The histopathologic diagnoses were performed by veterinarians and pathologists from the Laboratory of Comparative Pathology of the Biological Science Institute of UFMG. The criteria used for lesion diagnoses were proposed by Misdorp et al.[19]

Biochemistry Analysis and ELISA Immunoassay

All samples were collected during mastectomy by vacuum collection system1 in 5-mL plastic tubes containing separating gel without anticoagulant. After collection and clot retraction, the material was centrifuged at 3000 rpm for 5 minutes. LDH serum activity was assessed on the date of collection, and additional serum was placed in eppendorfs and frozen at −20°C to perform the CEA and CA15.3 assays after the histopathologic diagnoses were known.

The serum tests were carried out according to the protocol of each manufacturer. Together with the whole battery of assays, a control serum (supplied with the kit) was measured with a known concentration range. The reagents used were the same as those used for human diagnostics.

The LDH tests were evaluated by means of commercial kit2 and continuous ultraviolet kinetic method. The equipment Labmax 2403 was used for reaction readings. The results were expressed in U/L and compared to reference values established for the canine species (45 to 233 U/L).[20] LDH was not able to be measured in 3 samples.
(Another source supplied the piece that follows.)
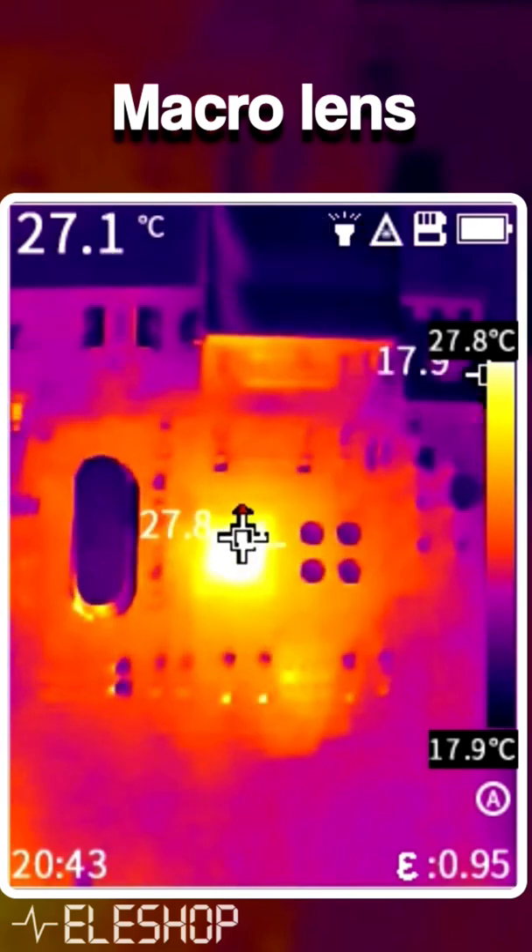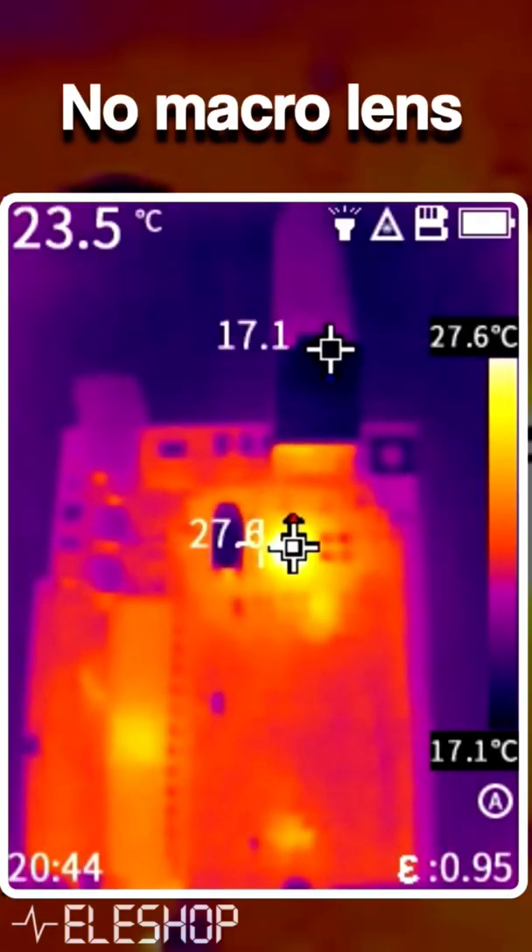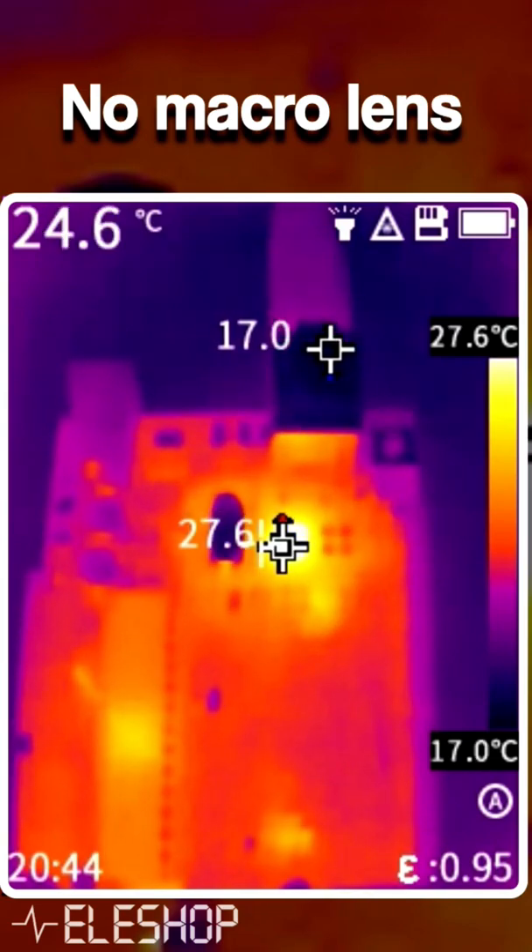As you can see, there's a lot more detail visible on the footage with the macro lens compared to the footage without the macro lens.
To test for CEA and CA15.3, commercial solid phase, noncompetitive ELISA immunoassay kits were used (both from CanAg4). The Labmax 2403 was used for measurements. The CEA results were expressed in ng/mL, and CA15.3 was expressed in U/mL. For both tests, no reference values had been established for veterinary medicine.

SDS-PAGE and Western Blot

Thirty micrograms (30 μg) of total serum proteins was separated by electrophoresis on a denaturing 4–8% polyacrylamide-SDS gel and electro-transferred to PVDF membranes. Membranes were blocked during 1 hour with PBS containing 5% (w/v) nonfat dry milk and 0.1% Tween-20, washed 3 times with PBS containing 0.1% Tween-20 and then incubated overnight at 4°C with specific primary antibodies (CEA-HRP and CA15.3- HRP) by a dilution of 1:100 in phosphate-buffered saline containing 5% (w/v) BSA and 0.1% Tween-20. After washing, membranes were incubated with appropriate horseradish peroxidase-conjugated secondary antibody (1 : 2000). Immunoreactive bands were visualized by ECL detection system, as described by the manufacturer.5

Statistical Analysis

Statistical analysis and graphs were performed with GraphPad Prisms.5 D'Agostino & Pearson omnibus normality test was used to determine if data presented normal distribution. When possible, the analysis of variance (ANOVA) was followed by Student-Newman-Keuls (SNK) and Tukey's tests (CEA determinations were analyzed after logarithmic transformation before testing). In the same way, possible correlations were investigated by Pearson or Spearman tests. Associations and concordance were considered significant when the test significance probability had P < .05.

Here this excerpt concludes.